Mais aucune crainte, son talent a irradié cette 17e finale de Coupe du monde. Pour se libérer définitivement l’esprit, l’attaquant de l’Inter arbore pour la finale une coupe en demi-lune à l'allure plus que douteuse. "Tout le monde parlait de ma blessure. Alors je suis arrivé avec cette coupe de cheveux, et plus personne n'en a parlé", expliquait-il en souriant par la suite.
Le Phénomène et le Volcan
Avec Michael Ballack suspendu, la Mannschaft de Rudi Völler ne craint pourtant personne avec Oliver Kahn dans ses buts. Depuis le début du Mondial nippo-coréen, le portier allemand n'est allé qu'une seule fois récupérer le ballon au fond de ses filets face à l'Irlande. Ce dimanche, il craque par deux fois sur deux coups de malice d’O Fenômeno. Coupable de relâcher le ballon sur une frappe de Rivaldo, Kahn offre le premier but à Ronaldo, avant que le Brésilien ne double la mise sur un contrôle-frappe indéfendable. "Le Volcan" s'est éteint par deux fois, et son titre de meilleur joueur du Mondial sera anecdotique.
Cette fois, Ronaldo n’a pas manqué sa finale. Double buteur, Soulier d’Or de la compétition (8 buts), égalant le nombre de buts de Pelé en Coupe du monde, il est l’artisan principal de la cinquième étoile, sa deuxième à titre personnel. "Le fait d'atteindre cet objectif et de remporter le trophée le plus convoité du football m'a rendu heureux jusqu'à l'extase. Ce n'est pas juste Rivaldo, Ronaldinho ou Ronaldo qui ont gagné la Coupe du Monde, mais tout un groupe de Brésiliens qui ont pratiqué un football brillant et qui s'entendaient à la perfection sur le terrain et en dehors.", révélait-il dans un entretien à la FIFA.
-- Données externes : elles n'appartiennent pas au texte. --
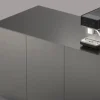 Wassertank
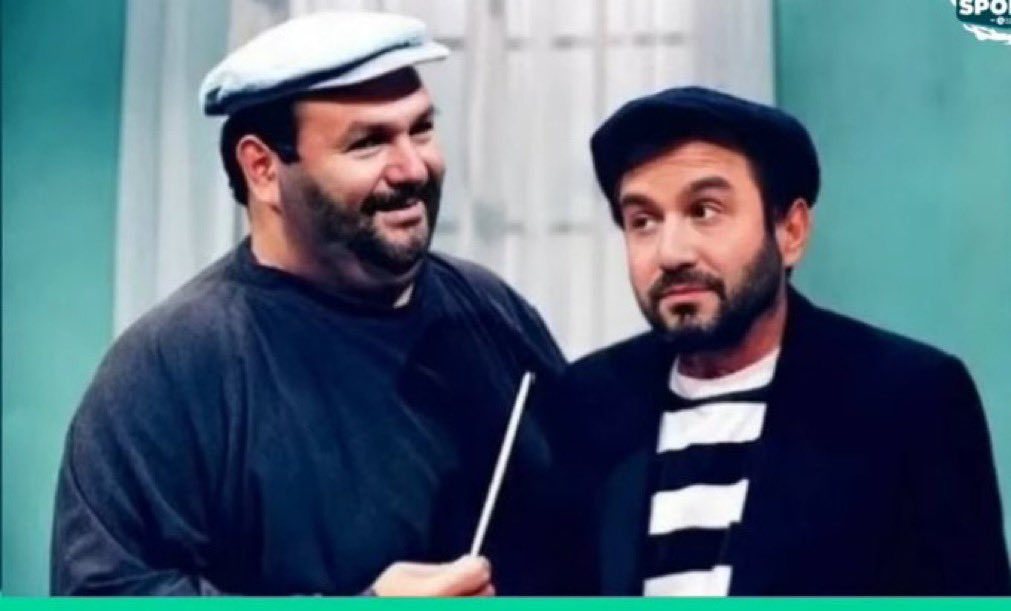 ChuzNava's tweet photo. @FerCevallosF Ahora entiendo porque te gustó... 🤣🤣🤣 https://t.co/Hi4y9hNsBM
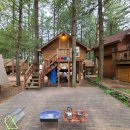 붓꽃섬 관광펜션 이미지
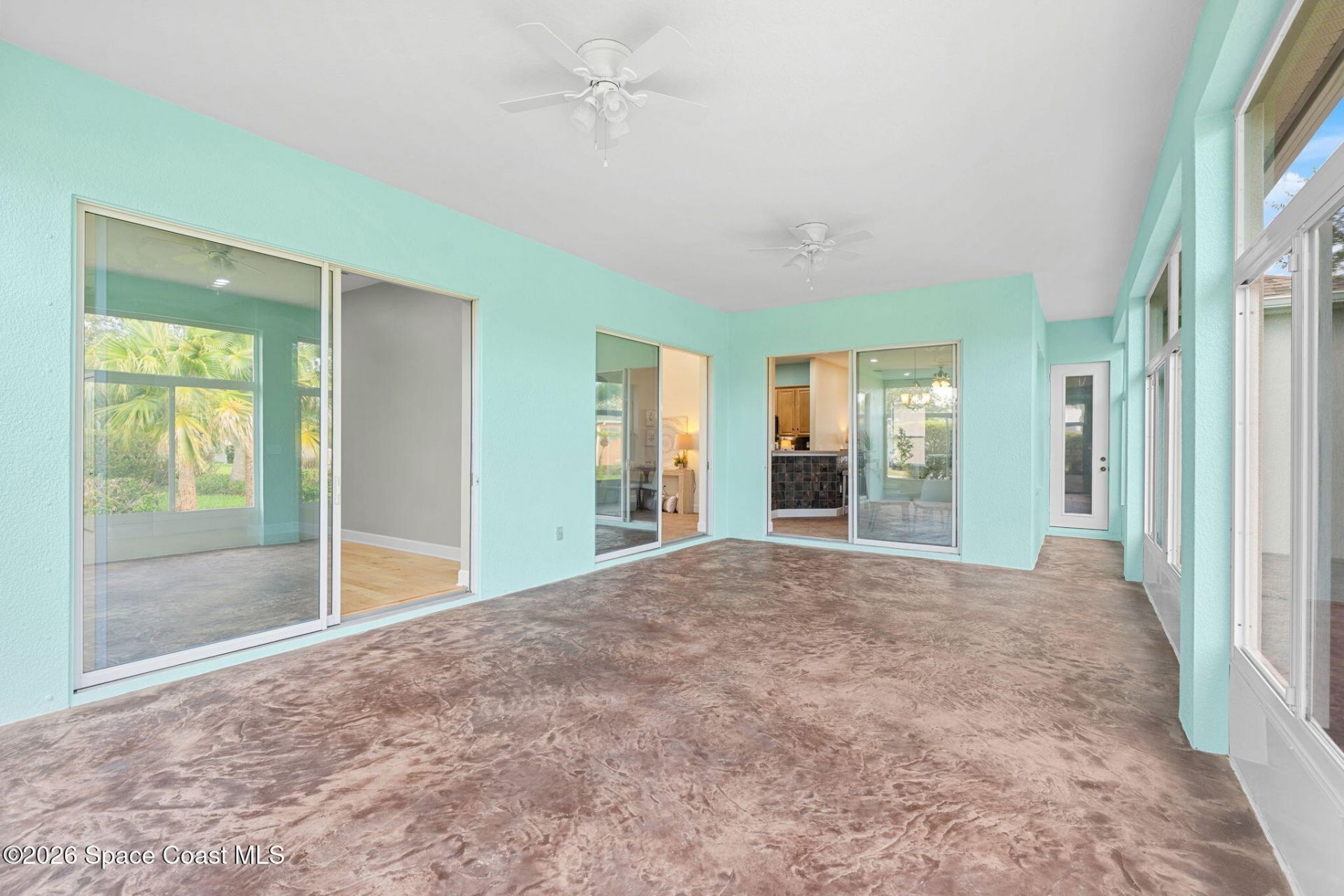 6963 Keplar Drive, Viera, FL 32940 Photo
Âgé de 17 ans en 1994, Ronaldo avait inauguré sa carrière par l’apothéose face à l'Italie. Huit ans plus tard, il a enlevé le goût d’inachevé qui lui restait, lui le miraculé des blessures aux genoux. "Ma plus grande victoire, c'est de rejouer au football, de recourir et de marquer à nouveau des buts", soufflait-il. Laurent Blanc, son coéquipier lors de sa seule année passée à Barcelone entre 1996 et 1997, sait d’où Ronaldo vient, ou plutôt d'où il revient. "Je l'avais quitté le jour de la finale 1998 où il n’était pas lui-même, et le voir dans une telle spirale négative était terrifiant. C’est un gars formidable. C’est comme un grand enfant, à Barcelone nous l’appelions 'Baby’. Je l’ai vu dans la période la plus faste de sa vie, où il réalisait des choses surnaturelles. Puis je l’ai vu détruit par les blessures. Voir ce gars sourire avec joie est un grand moment pour tous ceux qui aiment le football." L’hommage est sincère, la conclusion juste.
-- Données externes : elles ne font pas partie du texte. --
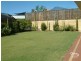 1 Ridgehill Court, Ellenbrook WA 6069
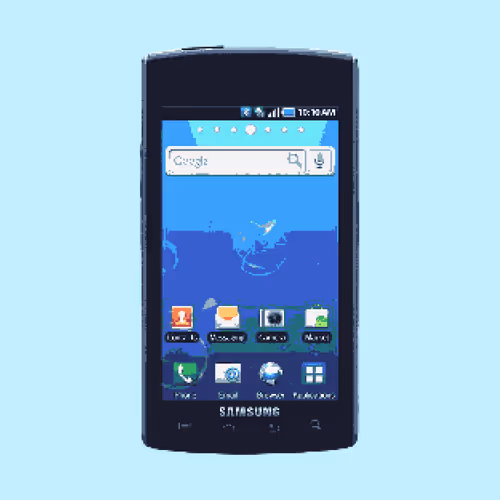 113527957571250459173920059109663876946190936030511132796406290626034584780801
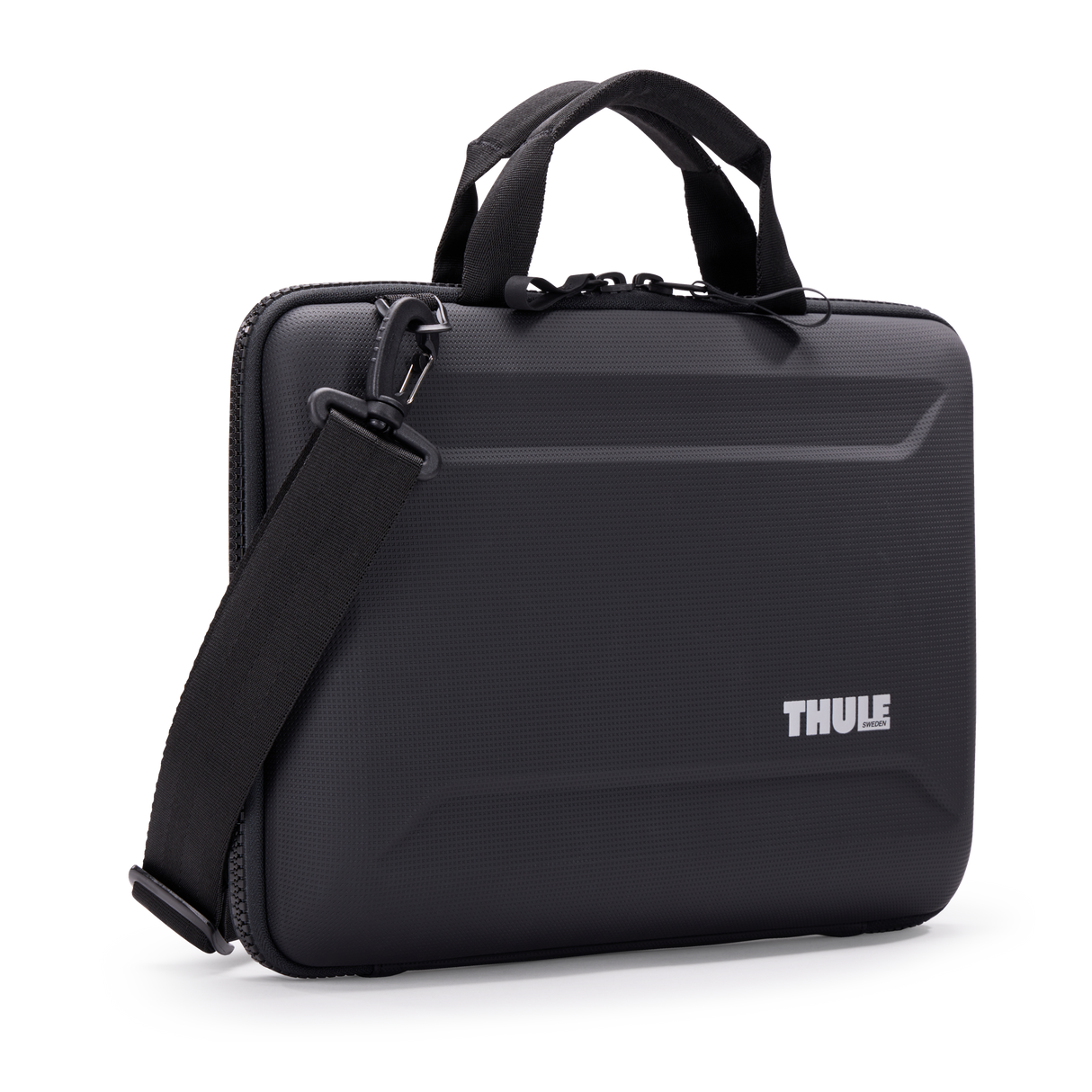 Thule Gauntlet Macbook Pro Attaché 14" Bags
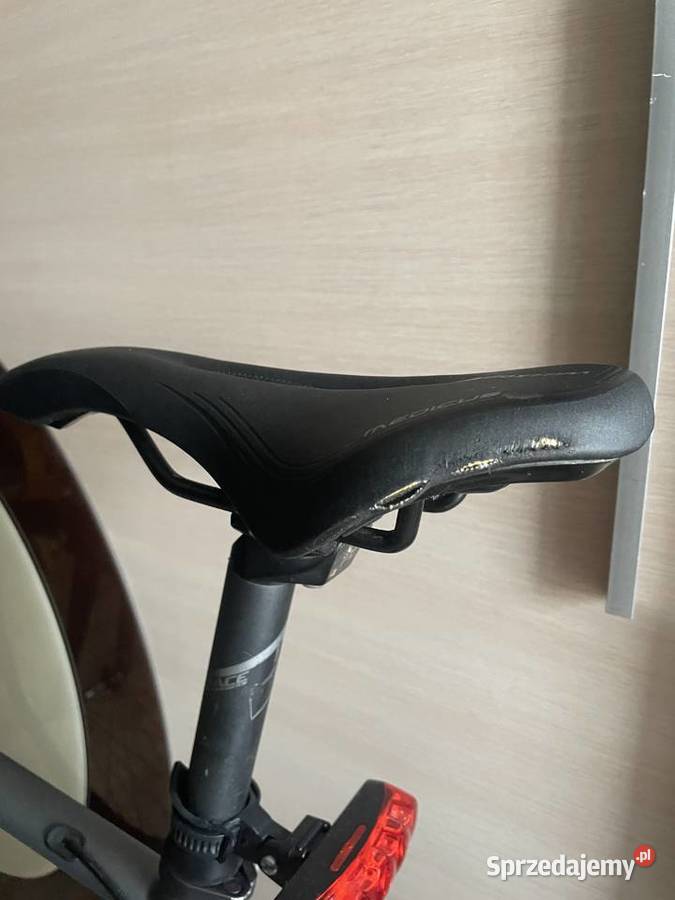 Rower Kross Vento 30 2019 M Sora łódzkie Pabianice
En compagnie de Cafu, Il Fenomeno est rentré ce 30 juin 2002 dans l’histoire des multiples vainqueurs de la Coupe du monde. Ils sont les deux seuls Brésiliens hors période 1958-1962 à en faire partie. En décembre 2002, Ronaldo, transféré au Real Madrid, remporte un second Ballon d'or en devançant deux autres protagonistes de cette finale : son coéquipier Roberto Carlos et Oliver Kahn. Il est également désigné joueur FIFA de l'année, pour la troisième fois de sa carrière après 1996 et 1997.
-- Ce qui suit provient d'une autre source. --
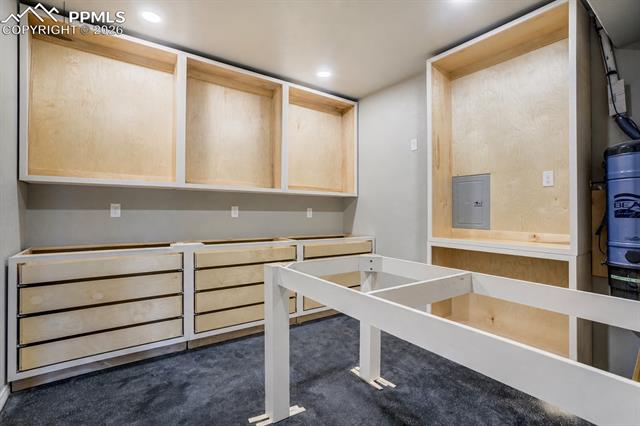 2367 Diamond Creek Drive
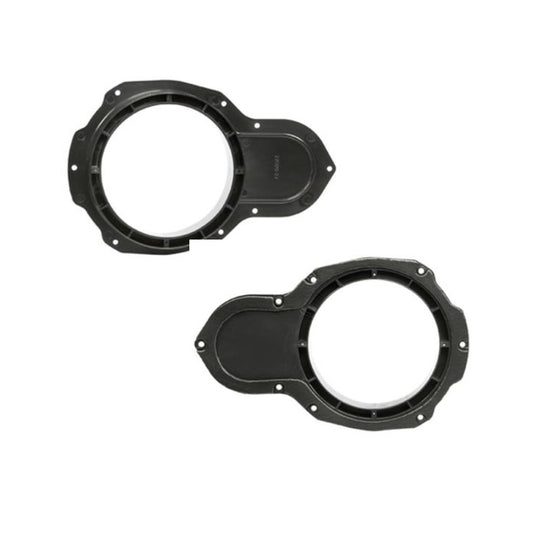 ACV speakerringen Volkswagen Passat / Passat CC
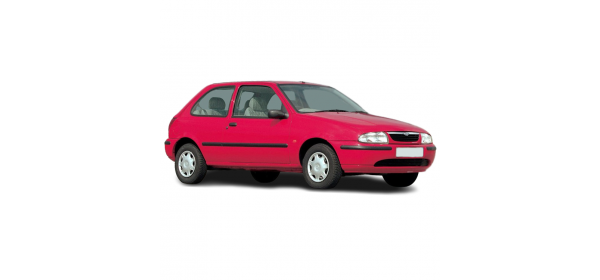 121 (1988 - 2002)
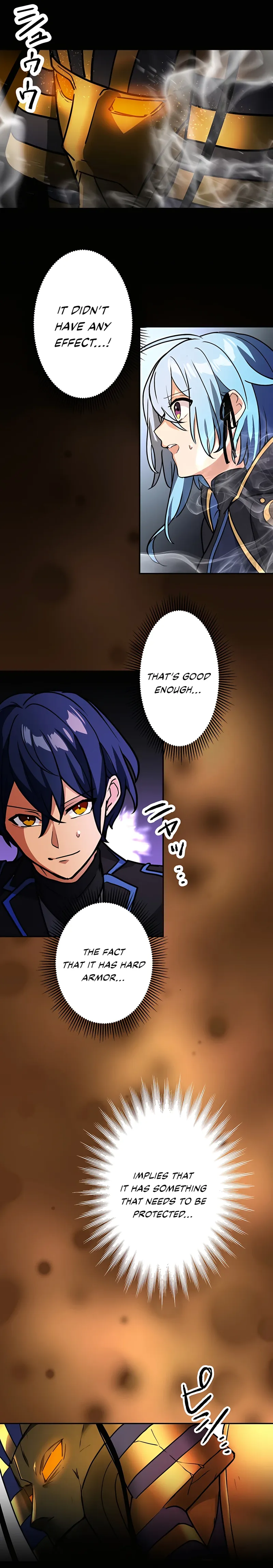 Page 7 of Chapter 21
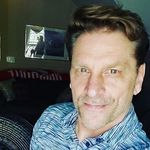 Paul Trask - @trask_paul - Instagram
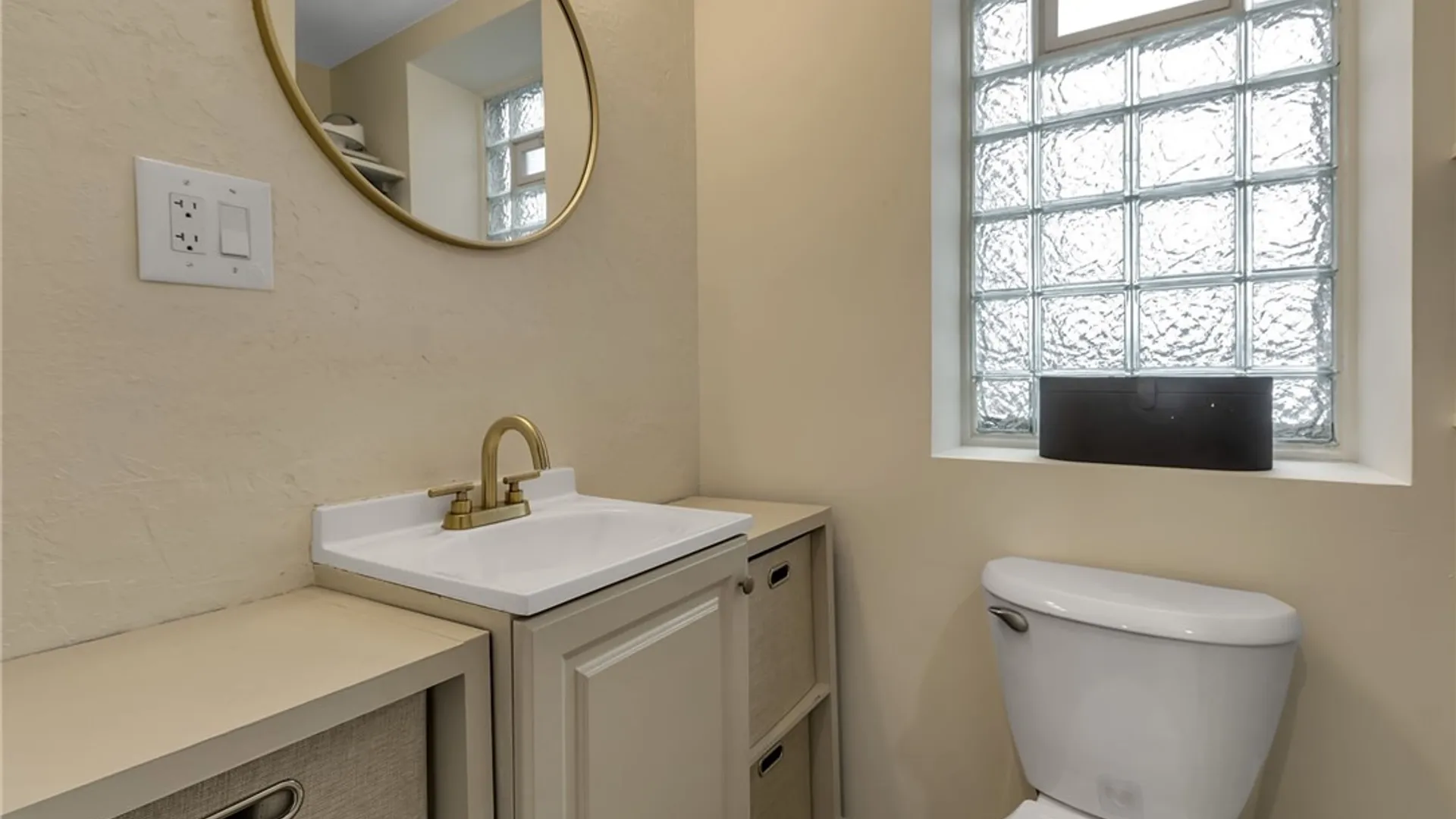 Property at 190 & 196 Mill Street, Amherst, NY 14221 13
Au sortir de la finale, une question à la volée suscite son attention, lorsqu'un journaliste lui demande si ce sentiment de plénitude consécutif au titre mondial est mieux que le sexe. Comme un grand enfant enfin apaisé, Ronaldo se lance : "C'est très dur de vivre sans sexe et sans la Coupe du monde. Mais je ne pense pas que le sexe soit aussi satisfaisant que de gagner la Coupe du monde. Ce n’est pas que le sexe n’est pas bien, juste que la Coupe du monde est tous les quatre ans et le sexe est bien plus régulier que ça."